It doesn't need to be said that the Indianapolis 500 is the biggest race of the year for the NTT INDYCAR SERIES. It's the biggest field. The biggest crowd. The biggest purse. The biggest stage.  

And with the most on-track time of any race, it means a little more of everything. More fuel, more engines, more manpower, and more tires. A lot more tires. 

In a typical INDYCAR weekend, the field of 27 full-time cars uses somewhere between 1,100 to 1,200 Firestone Firehawks across multiple practice sessions, qualifying, and the race. But the Indianapolis 500 is not a typical INDYCAR weekend.  

For the four days leading up to qualifying, the track is open for practice for six or more hours, totaling in more than 30 hours of available track time. And that doesn't include the two full days of qualifying over the weekend. 

With all the extra running and the expanded grid, the 33-plus entries will use more than 5,000 tires--yes, 5,000--over the course of the month. 

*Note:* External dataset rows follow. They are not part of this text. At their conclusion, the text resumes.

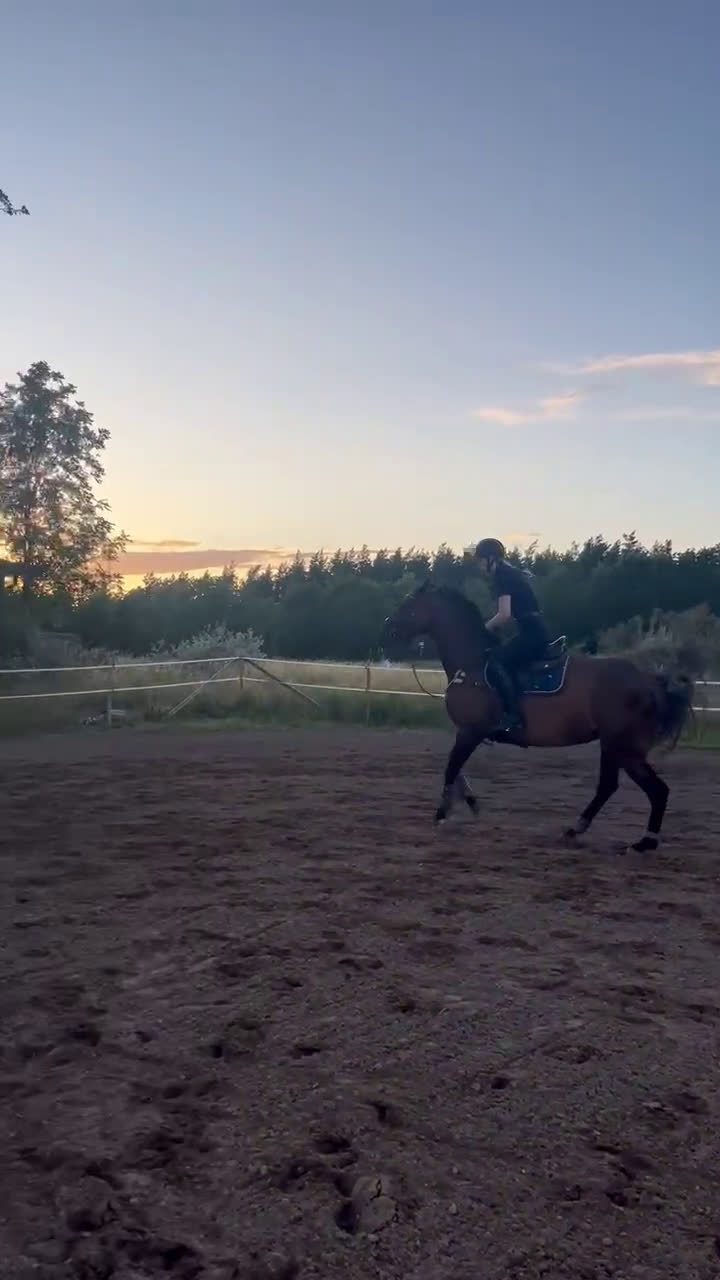 Hoppning hästar till salu: Fin valack med bra stam! i Fårö - Video 4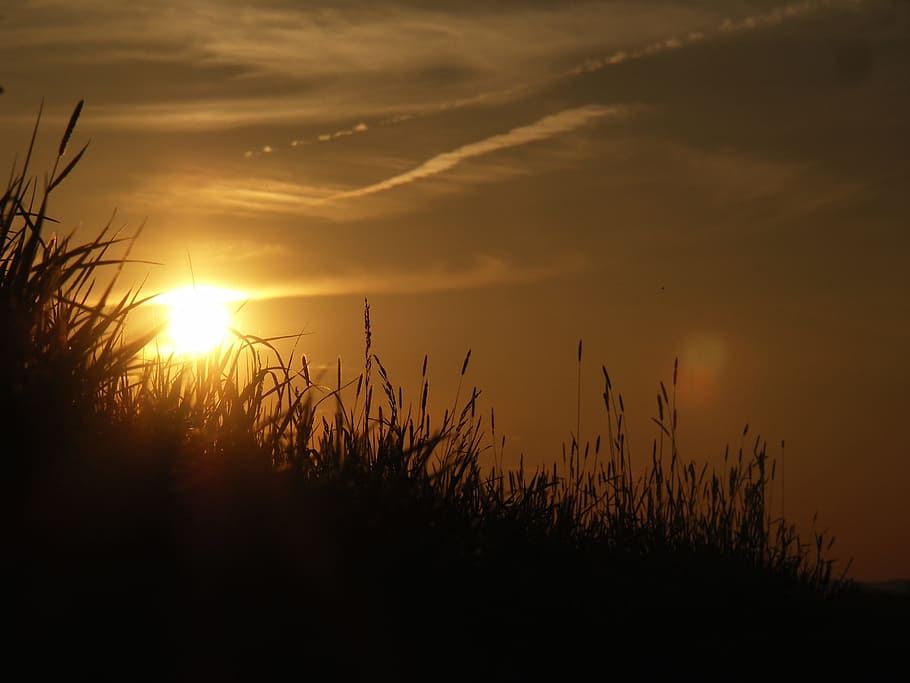 Sunset, Mood, Clouds, Field, nature, dusk, sky, silhouette HD wallpaper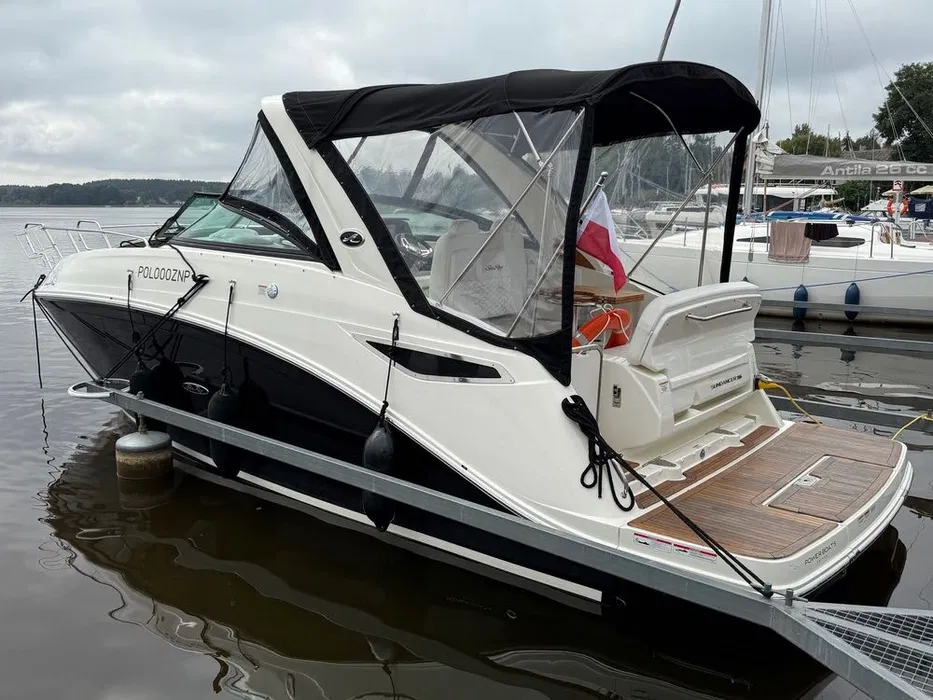 searay_2310251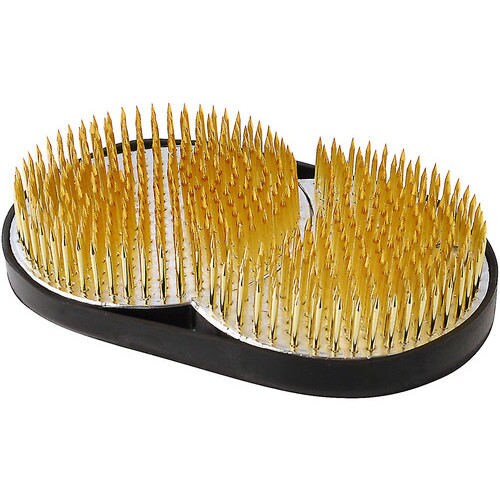 自然 剣山 日月 大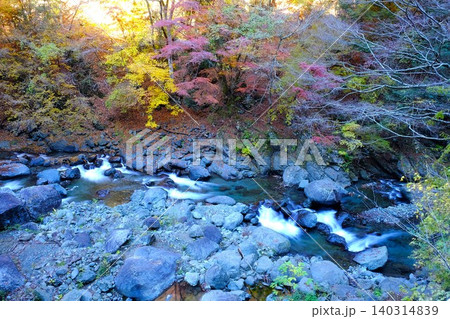 【神奈川県】紅葉に染まる早戸川渓谷 【神奈川県】紅葉に染まる早戸川渓谷 140314839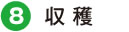 収穫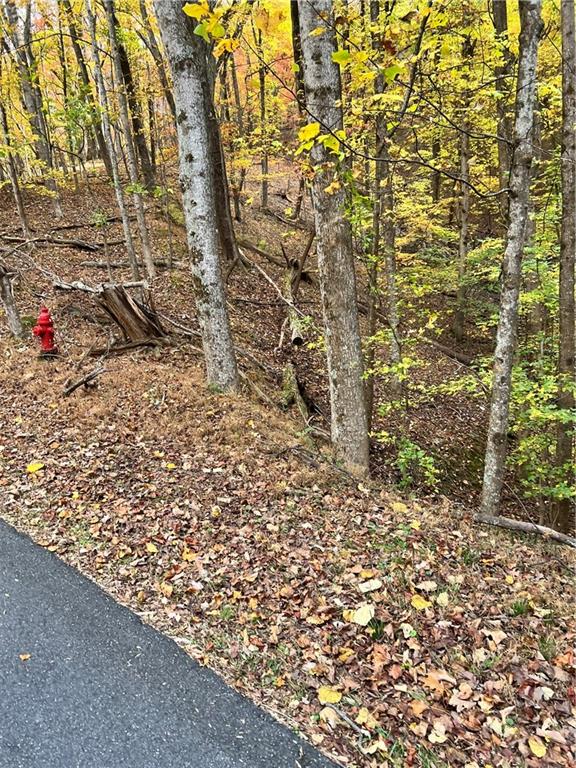 3364 Crippled Oak Trail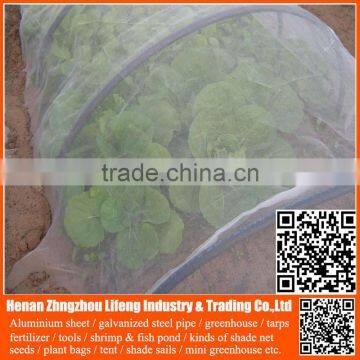 Best Selling 20/30/40/50 Mesh Hdpe Plastic Agriculture Greenhouse Vegetable and Fruit Anti-insect Net , Nylon Insect Net photo-4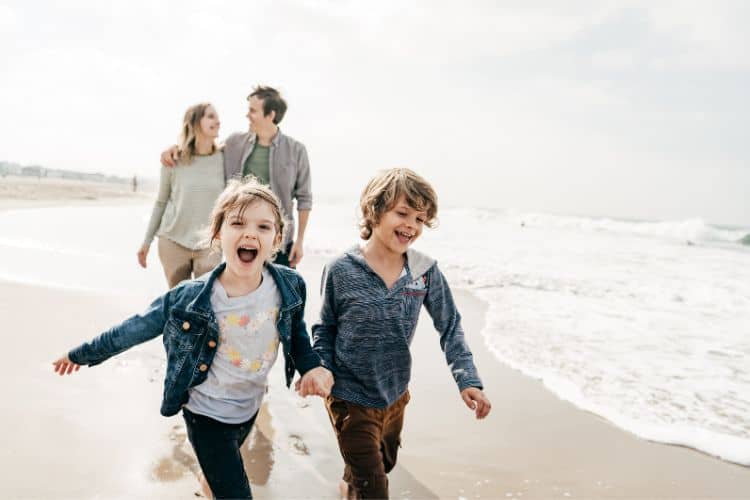 Schweine-Würfeln Schweinerei Spiel Ratgeber Reisende Schweine-Würfeln Schweinerei Spiel Ratgeber Reisende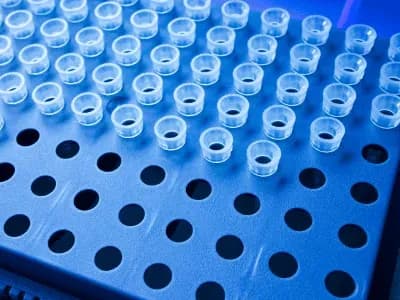 À la recherche de solutions économiques pour le laboratoire !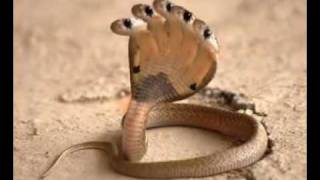 Five Head Snake HDflv [upl. by Anirdna]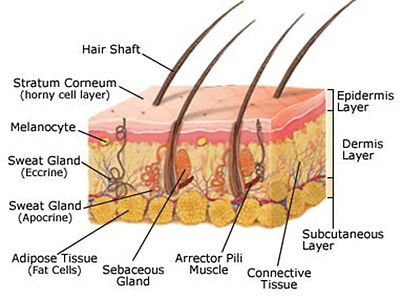 How does my spray tan work?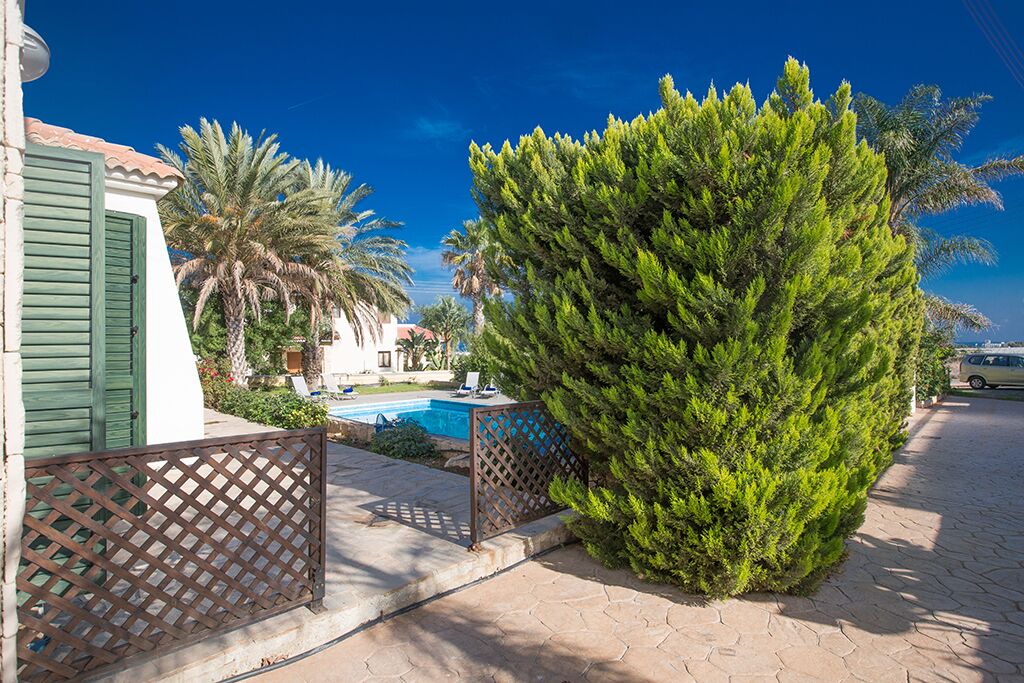 Photo of Outdoor in Paralimni
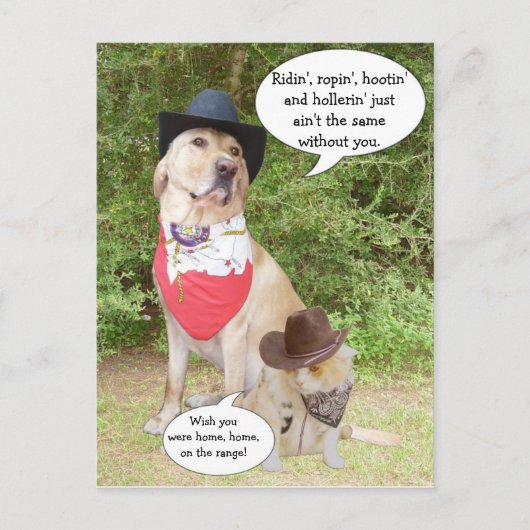 Vermisst... Postkarte (Vorderseite)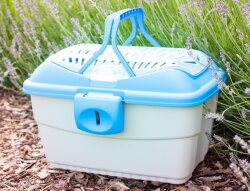 Transportbox Meerschweinchen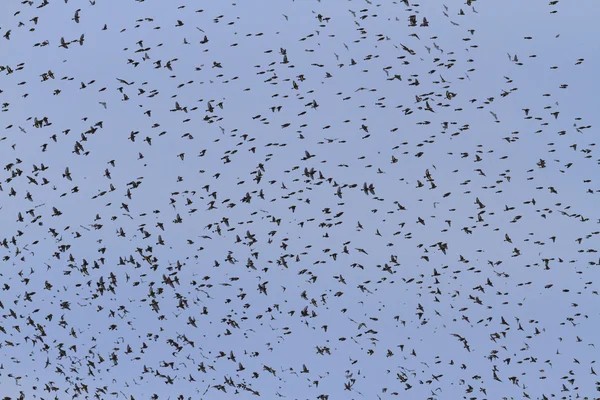 Χιλιάδες πουλιά που πετούν σε διαφορετικές κατευθύνσεις — Φωτογραφία Αρχείου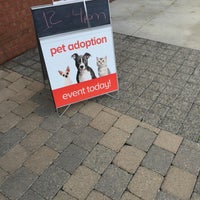 PetSmart 10 tips from 1018 visitors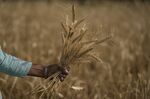 A woman harvests wheat on the outskirts of Jammu, India, Thursday, April 28, 2022. An unusually early, record-shattering heat wave in India has reduced wheat yields, raising questions about how the country will balance its domestic needs with ambitions to increase exports and make up for shortfalls due to Russia's war in Ukraine. (AP Photo/Channi Anand)
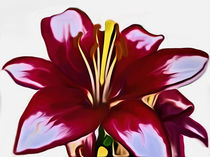Lily (Digital Art) von John Wain
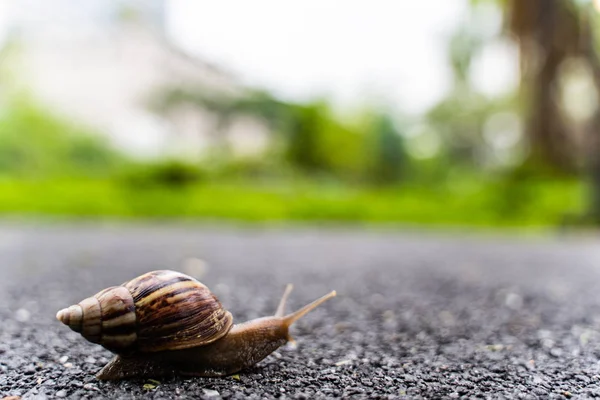 Caracol Casca Rastejando Estrada Dia Verão Jardim Com Espaço Cópia — Fotografia de Stock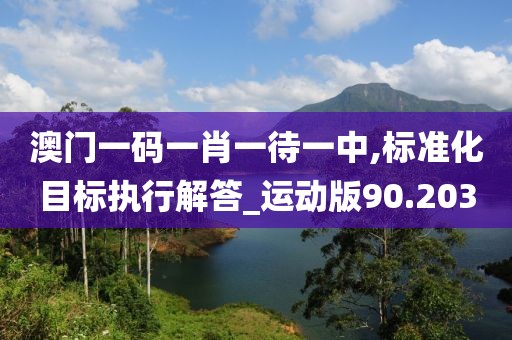 澳门一码一肖一待一中,标准化目标执行解答_运动版90.203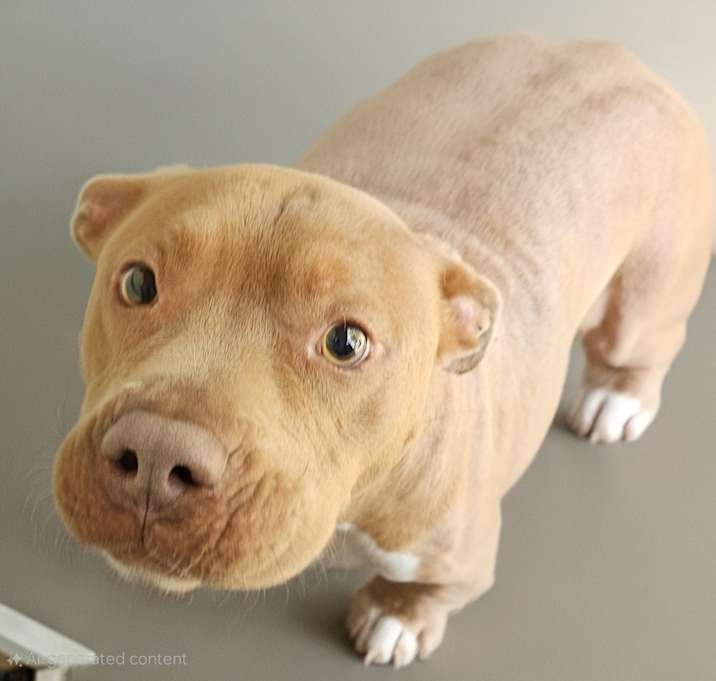 Photo of Bo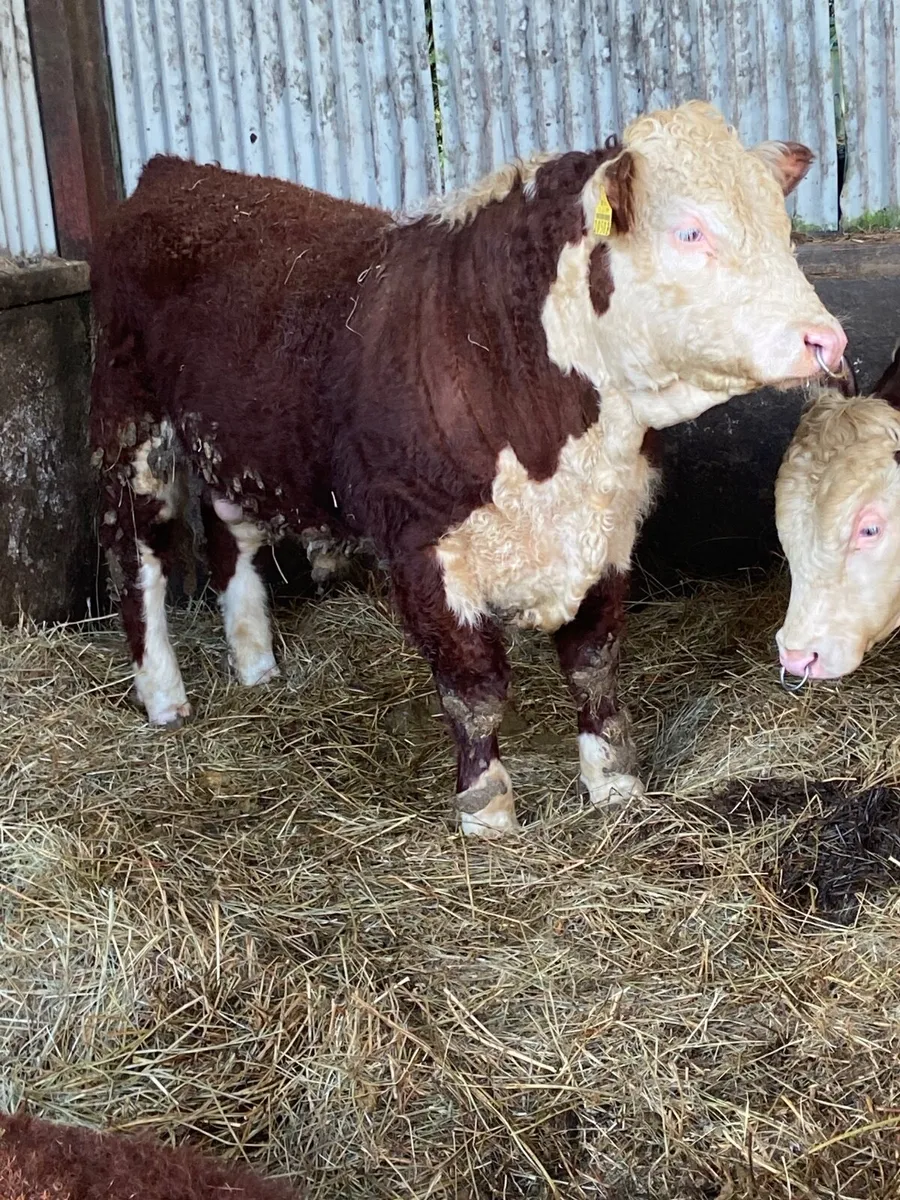 Pbr Hereford bull - Image 2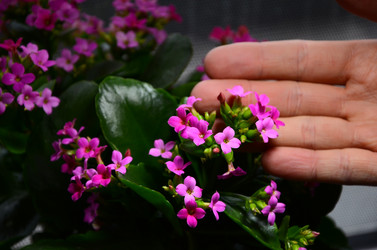 Similar image 2330551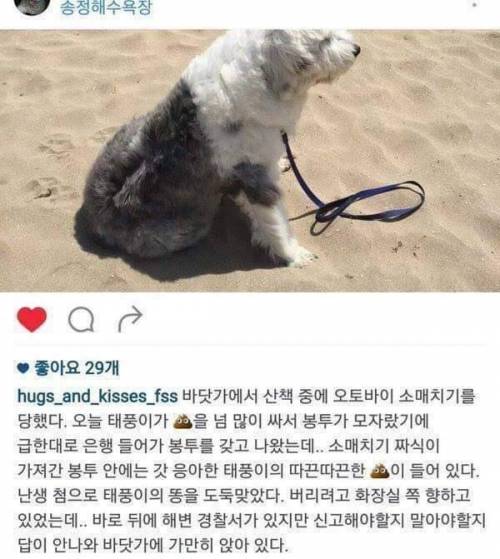 똥매치기.jpg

To accommodate the extended practice time, larger car count, and increased workload, the tire manufacturer adds four to five members to its usual 14-person service team, according to Mark Williamson, service crew manager. Throughout the day, Williamson and his staff tend to the needs of the paddock, dismounting used tires (dropped off throughout the day by teams), mounting new slicks on each team's rims, and finishing the process by balancing each tire.  

Firestone Tires


Each step in the process only takes one minute per tire. "Not exactly your local shop," Williamson said. 

In addition to preparing each tire, several members of the service crew are also tasked with roaming pit lane while the track is hot, measuring tire temperatures and air pressures from used tires once they come off the car. 

Despite the constant and heavy workload, each tire is meticulously tracked, marked with a serial number and barcode, and followed through each step in its life cycle, from manufacture to post-race analysis.  

The week begins in anger even before the drop of the green flag on the first practice session, with work ramping up as teams arrive at the track in the days before the opening session. But preparation for the race starts months, even years in advance. 

"We're learning right now for next year," Cara Krstolic, executive director of race tire engineering and production for Firestone. "We have an engineering team and at least one chemist at every point to understand what's going on with the tires, working with the drivers on feedback, with the race teams on what they want out of the tire and what they need out of the tire." 

In fact, Krstolic and the Firestone engineering team began developing a new tire to better account for INDYCAR's incoming hybrid power unit in October 2022. Originally intended to be in use for the full 2024 season, the hybrid is now slated to debut at the Honda Indy 200 at Mid-Ohio Sports Car Course later this summer. Firestone still had to be ready. 

"We started a year and a half beforehand to make sure we had the appropriate tire for whatever the race throws at us," Krstolic said, "whether it's a hybrid, whether it's not a hybrid." 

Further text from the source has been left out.